Tonight’s public domain sci-fi viewing is The Last Man on Earth, the cheapo 1964 Vincent Price vehicle that has the honor of pretty much being the first modern zombie film ever.
That’s a contentious statement, of course, mostly because the movie isn’t technically about zombies: it’s about vampires. Still, the sci-fi/horror novel from which it was adapted (I Am Legend by Richard Matheson) later directly inspired George Romero’s Night of the Living Dead.
If you ignore the fact that in one, the ghouls drink blood, and in the other, the ghouls eat flesh, the idea is the same: in the near future, a strange plague spreads over the earth, causing the dead to come to life to feast on the living.
In The Last Man on Earth, Vincent Price stars as Dr. Robert Morgan, who is the titular sole survivor of a plague that has killed humanity and turned them into vampires. By night, he sits in his barricaded house, drinks and listens to jazz albums; by day, he combs the streets, killing as many vampires as he can.
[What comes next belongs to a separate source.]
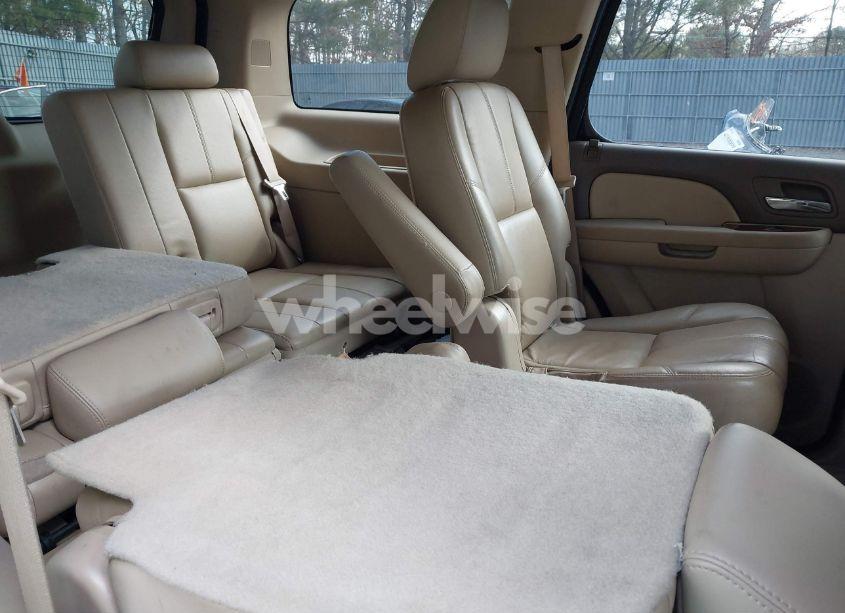 Photo 8 of 2011 Chevrolet Tahoe LT (VIN 1GNSKBE06BR264451)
One day, he meets a beautiful woman who doesn’t seem to be infected… but she is not quite what she appears.
The Last Man On Earth was originally meant to be a Hammer Films production, and they hired Matheson himself to adopt his novel, but they passed on the script and instead it ended up produced in Italy on the cheap. Matheson was extremely dissatisfied with the film, and asked for his name to be removed from the finished product. That said, it’s still a good deal of fun, and I actually prefer it in many ways to the next adaptation of I Am Legend, The Omega Man starring Charleston Heston.
Incidentally, one thing I’m noticing as I do this blog is that there’s a surprising amount of mingling between sci-fi and horror as genres. The Last Man on Earth is a perfect example: is it a horror movie because it attempts to scare and features monsters? Or is it a science-fiction film because it takes place in the future and features the post-apocalypse?